Saxony's dramatic gains owe much to pro-business government policies that unleashed the famous Saxon work ethic, inventiveness, and attention to detail. "Our companies have been very good at carving out niches and customizing products," says Saxon Economy Minister Sven Morlok. Two key figures in the transformation were Kurt Biedenkopf, now 80, the Christian Democrat who served as premier from 1990 to 2002, and the late Kajo Schommer, who served as economy minister during the same formative period. Together they developed a "lighthouse principle" in which industries with high potential—especially autos and microelectronics—got most of the state aid.
"The state's political and business leaders boosted the self-confidence of the Saxon people and convinced them their fate was in their own hands," says Joachim Ragnitz, managing director of the Ifo Institute for Economic Research in Dresden. "It was like nation-building, and it worked.
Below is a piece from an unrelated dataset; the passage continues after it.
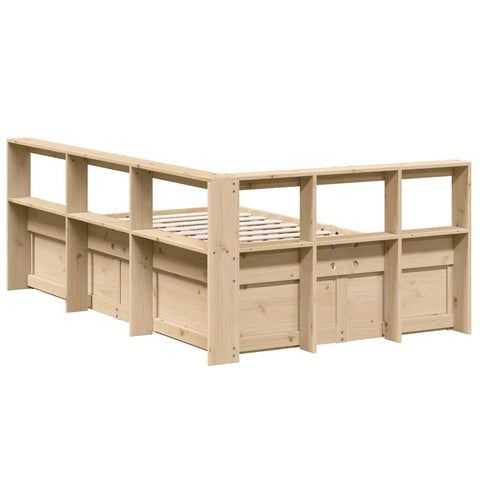 vidaXL Bookcase Bed without Mattress 120x190cm Solid Wood Pine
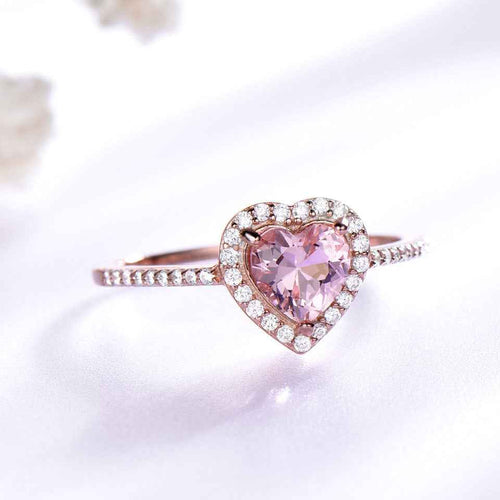 Adeline morganite silver ring, front view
They got people to believe that they really had to be best at whatever they were doing."
The Saxon government threw its support behind Volkswagen, the first big West German company to make a major investment in the region. In 1990 the company decided to produce the VW Polo compact car in Zwickau and since then has built some 3million cars and 8million motors at factories in the state. Saxony had three things going for it at the time: Volkswagen's chief executive officer, Carl Hahn, was a Saxon native. It had carmaking experience (in spite of the Trabant). And VW got big subsidies, half from the federal government and half from the state. VW's investment attracted parts suppliers and ultimately other automakers to the state.
The other breakthrough investment, in 1995, was by German manufacturing giant Siemens (SI), which was also drawn to Saxony's pro-business climate and skilled workforce—a legacy of the communist-era, Saxony-based computer-maker VEB Kombinat Robotron. As with VW, Siemens opened the floodgates to other investments in the sector. In the late 1990s, Advanced Micro Devices (AMD) began building computer chip factories in Dresden. The Dresden manufacturing campus, now owned by an AMD-Abu Dhabi joint venture called Globalfoundries, is the largest chipmaking center in Europe and one of the most advanced in the world.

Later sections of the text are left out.